**Exercise details**:
Begin at the line below that has "Recuperan de una". Stop after the line that has "For Rent: $2,800", repeating each line exactly and leaving out the pictures.

===== Provided information

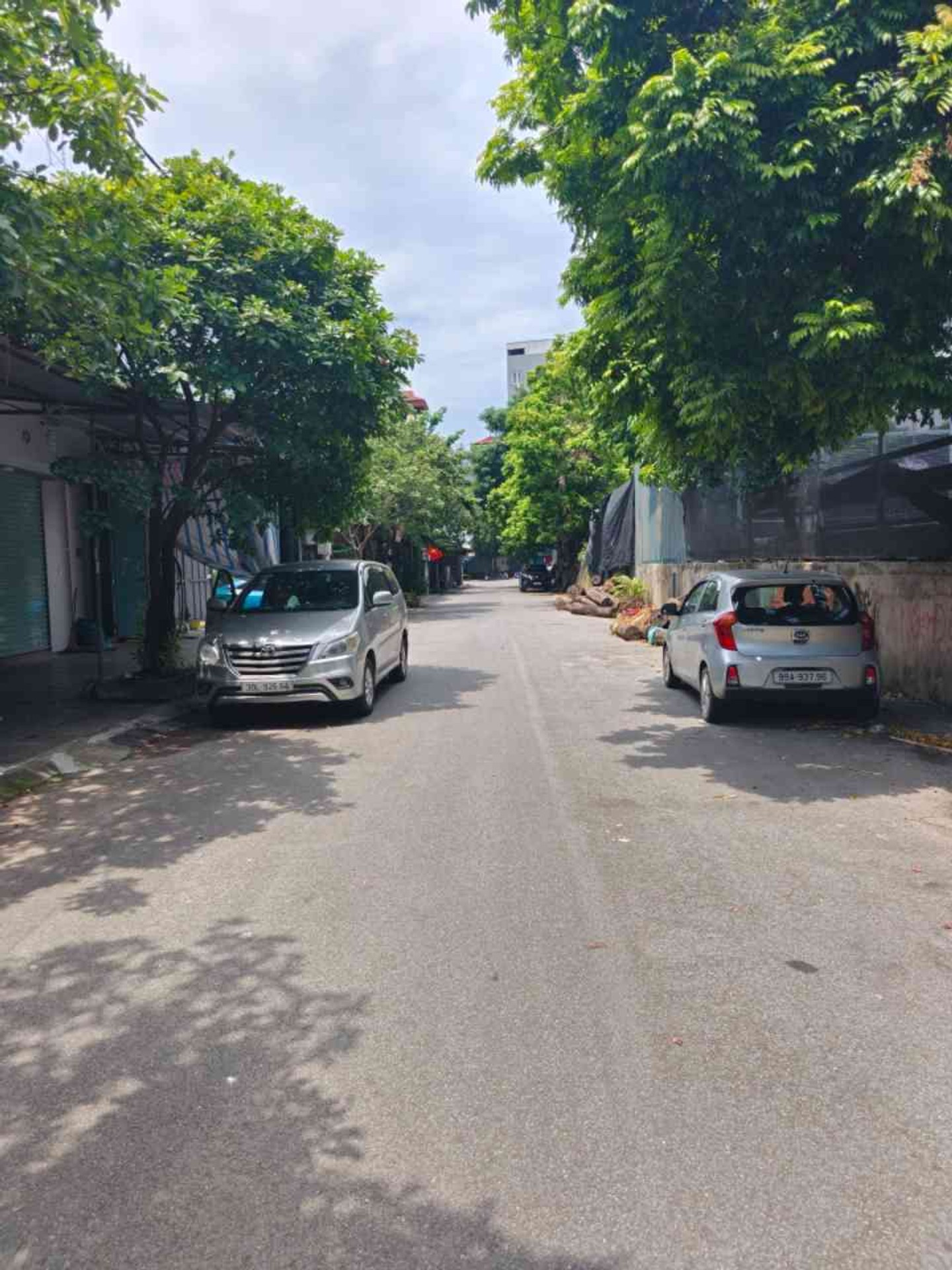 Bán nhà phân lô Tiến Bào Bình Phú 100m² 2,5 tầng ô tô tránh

==========
===== Provided information

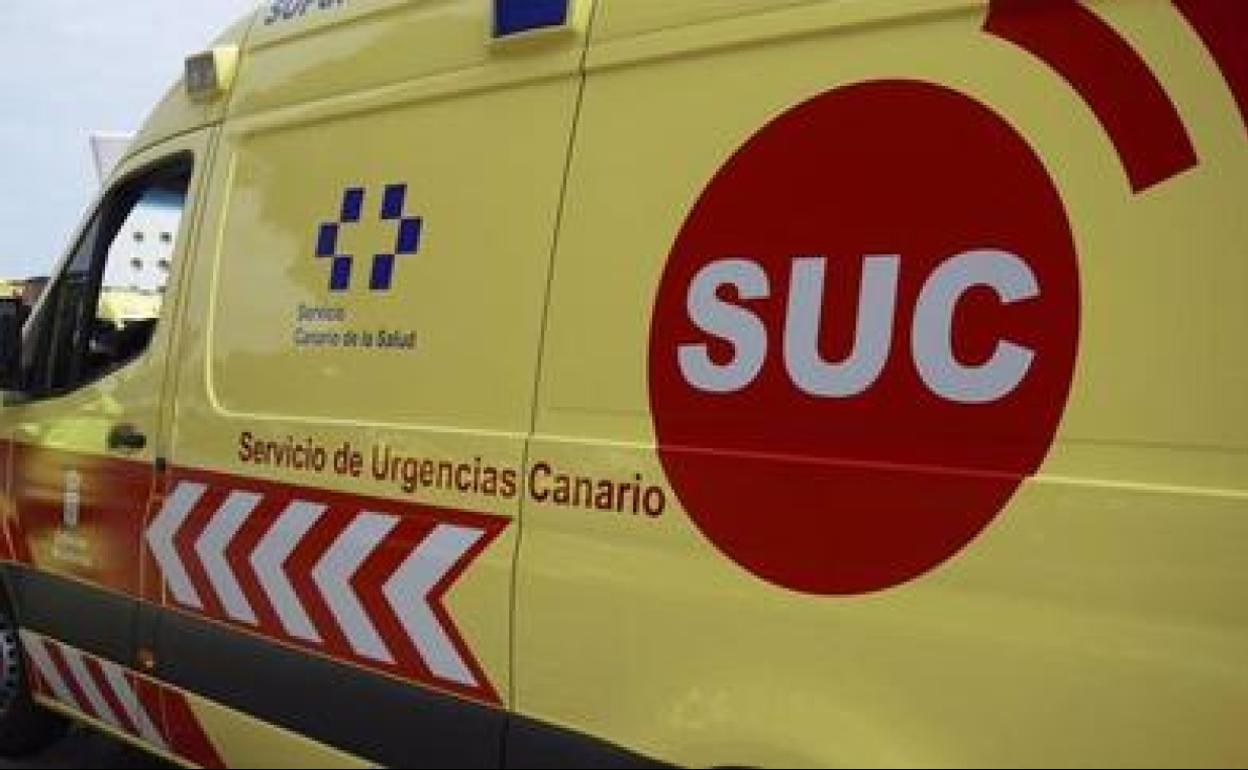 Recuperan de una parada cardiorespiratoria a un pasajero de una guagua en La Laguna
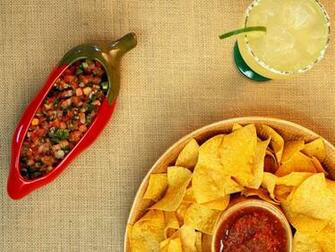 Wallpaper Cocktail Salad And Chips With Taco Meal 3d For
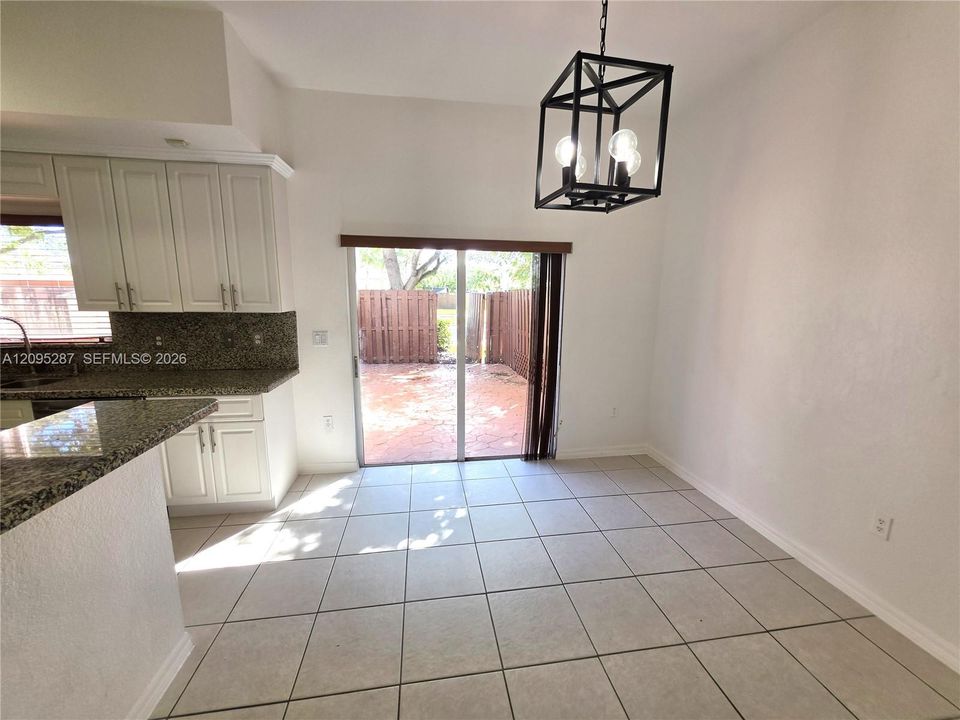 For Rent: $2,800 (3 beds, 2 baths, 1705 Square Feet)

==========

**Output below**:
 Recuperan de una parada cardiorespiratoria a un pasajero de una guagua en La Laguna
 Wallpaper Cocktail Salad And Chips With Taco Meal 3d For
 For Rent: $2,800 (3 beds, 2 baths, 1705 Square Feet)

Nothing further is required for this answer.